Okay, thank you very much. Just to clarify a couple of things. We do have in regards to the gas price. I think Drew has talked in New Zealand dollars. So our current sales price is New Zealand $5.20 a mcf and I think we are seeing prices going forward relatively similar to that. The big thing to us is a lot of our gas at Cheal that we do produced, we are not selling. So that will be a significant contribution to the financial statements.

In addition, in terms of consents, I think we are good for drilling. However we are currently consenting a number of our sites for our new blocks. We don’t anticipate anything too major in terms of delays, but there is always that opportunity. Drew, do you have anything to add to that?

Drew Cadenhead

Yeah, no, I told that when I was answering the question and just in the last as I said in my opening remarks, our consenting process in going on very well. I am understating it, it’s going on great. We have some – we’ve been meeting with some very friendly people out in the field. There has been some concern here and everywhere in the world about people opposing oil and gas exploration. What we are finding again is that is a very, very small minority of people out there that are creating the stir and as we walk from farm to farm and talk to people they are going, hey good to see you guys, yeah, we are happy to have you here, come on in.

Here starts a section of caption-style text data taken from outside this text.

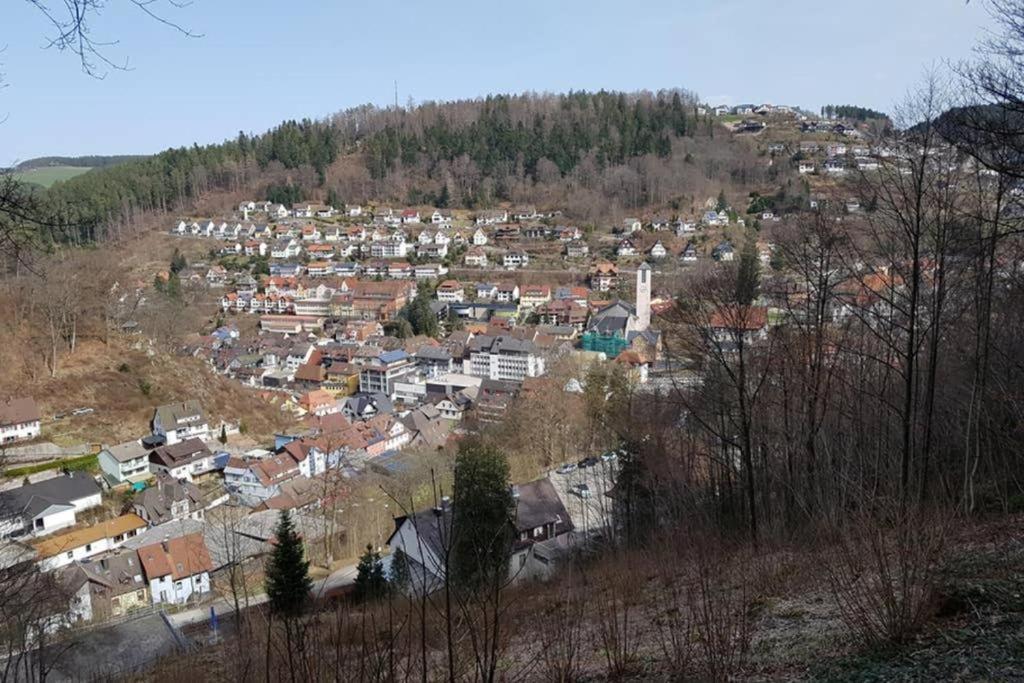 2 Rooms Apartment In Triberg Triberg im Schwarzwald Екстер'єр фото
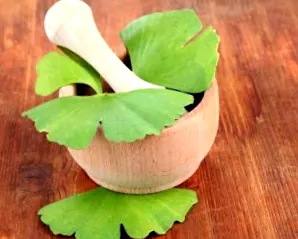 Biloba viteldíj levéltea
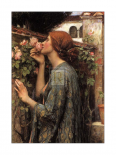 The Soul of the Rose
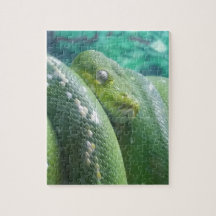 Puzzle des serpents de la forêt pluviale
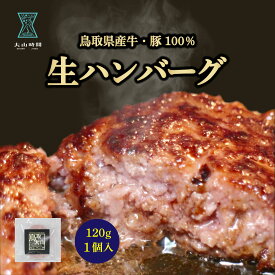 ハンバーグ 120g 単品1個 お試し 鳥取大山 生ハンバーグ 食品 贈り物 挨拶 お祝い 仕送り 内祝い 誕生日 お礼 お取り寄せ ご褒美 惣菜 冷凍 食べ物 ハンバーグ 牛肉 豚肉 お土産 鳥取県 送料無料 焼くだけ 手軽 誕生日パーティー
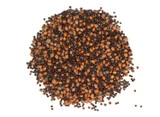 Organic Spicy Sprouting Seed Blend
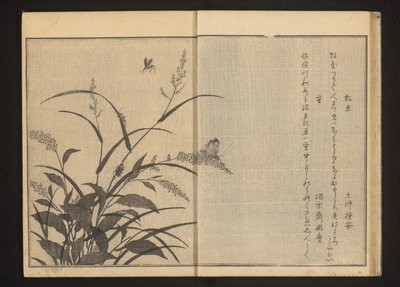 Cricket och eldflugor på polygonum och redan av Kitagawa Utamaro
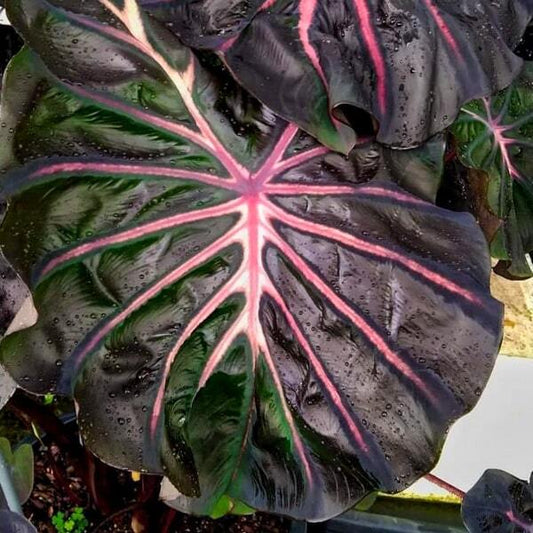 Colocasia MESMERIZING BEAUTY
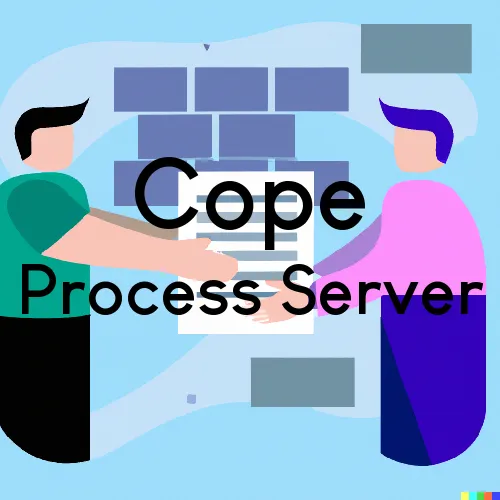 Cope, South Carolina Process Servers and Field Agents
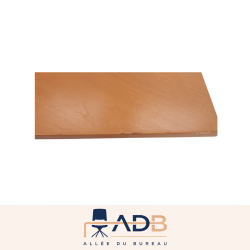 BUREAU RÉGLABLE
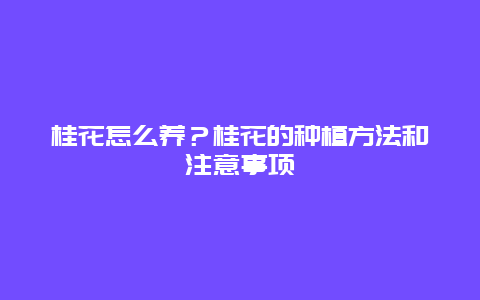 桂花怎么养？桂花的种植方法和注意事项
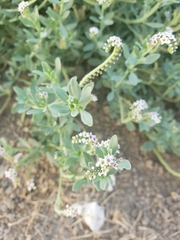 Heliotropium curassavicum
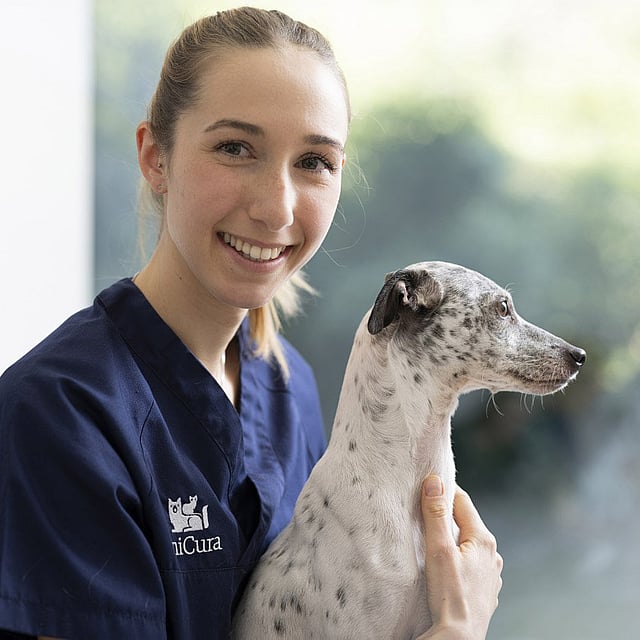 A person holding a dog.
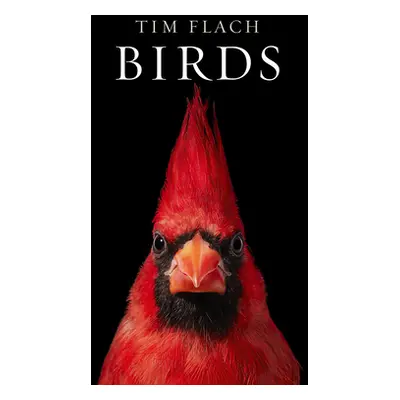 "Birds" - "" ("Flach Tim")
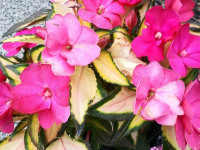 kwiat_895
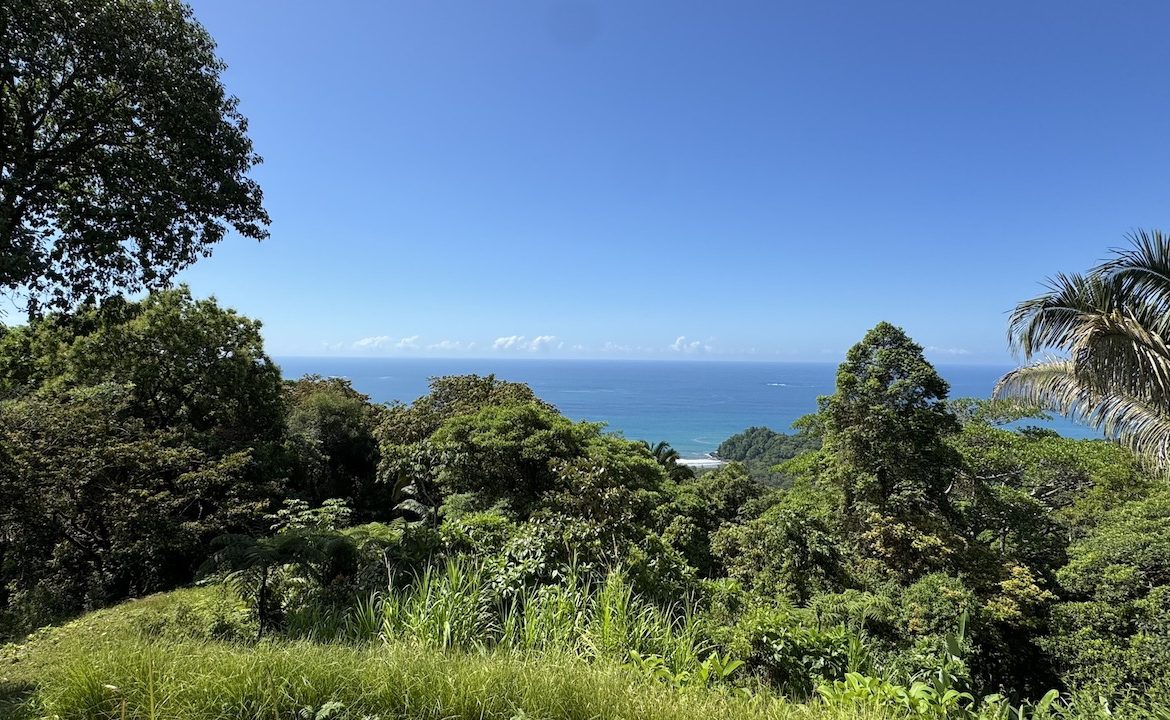 OCEAN VIEW LAND WITH PANORAMIC VIEWS – 3.95 ACRES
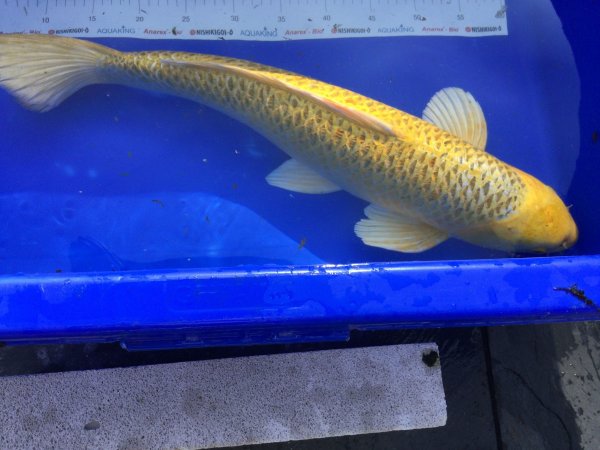 foto nr. 6 van deze Koi Doitsu Hariwake , 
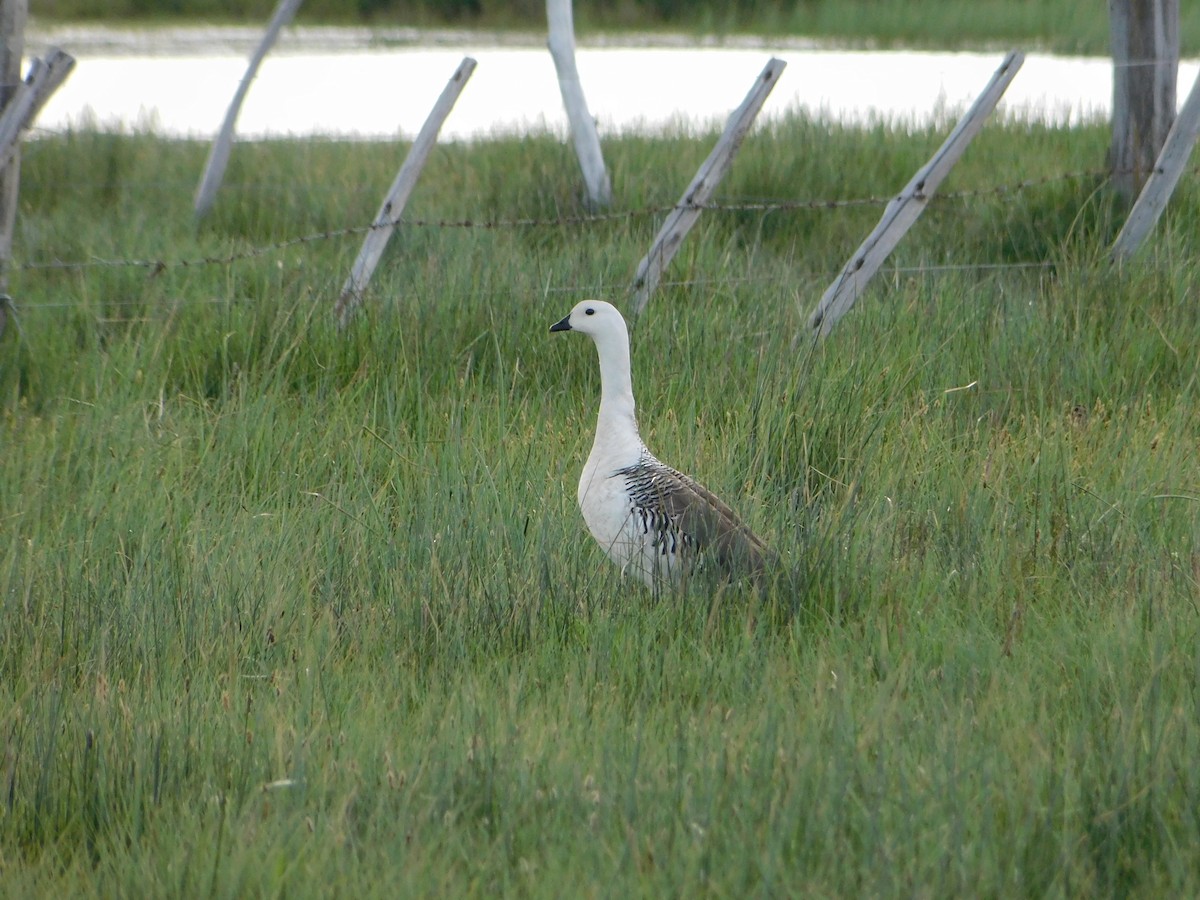 Upland Goose - ML504218751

We are not really seeing any problems whatsoever in getting the surface access agreements that we need to get for our new sites. We actually signed up our first two yesterday, which are going to provide us for that first five wells of the nine wells that we need, so we are well on our way already.

Garth A. Johnson

Okay, thanks Drew. So we will sum it all up. Thank you very much for calling in and listening and participating in the Q3 2013 results discussion. Just to refresh, where we’ve had a fantastic 2012, 2013 is going great so far. And I think we are really just getting into a position now to transform TAG again and hopefully our share price will reflect that.

I think what we can honestly say is, we do execute, we have done everything that we have said, we will do. We have invested in infrastructure when needed. Our drilling programs going really well or minimizing dilution. We are financially strong with growing cash flow. We have got continuous drilling on our shallow program. We are moving into the deeper program with Cardiff, Heatseeker and Hellfire and of course, we have got our first well coming in the East Coast where we are targeting our resource play, of that we’ve had independent assessments on 10% of our land base estimating about 12 billion barrels of oil in place there.

Our big challenge I guess is with these wells and maybe Drew can comment real quickly on this in terms of what our desired output is from those wells, but essentially it’s we know the oils there, the kitchen is working, it’s how fast we can we get it out and Drew maybe just to end the call, can you maybe just touch upon what we are looking to compensate the initial two well?

Drew Cadenhead

Initial wells are going to be – they are going to be vertical wells and just about vertical wells, they are going to be stress test, now we are going to cut some core and the zones where we are going to dig, the zones are thick, the source-rock zone is up to 600 meters thick. They are really proof of concept wells, what we would like to see is well, if we see good looking zones on core and on logs where we well the logs, will case the wells, we will proof them, we will have float test and see if we can get to move hydrocarbons in as we have said to many before.

The zones tend to be naturally fractured to start with, there is nice light oil, thunder high pressure. We may well see some significant move along in these initial wells, if not we will certainly move to stimulate these wells in the future. It’s not part of the original plan for our conceding process over there, but we will move to that. So really the proof of concept wells, if we can show more of a hydrocarbons oil moving into our well bores, not from these source rocks we’re going to be on our way.

Garth A. Johnson

Okay, thanks Drew. That’s it for the call. If anyone has any questions, please feel free to give us call or e-mail at info@tagoil.com. Thank you.


Thank you very much. This concludes today’s conference. Thank you for your participation. You may now disconnect and have a good day.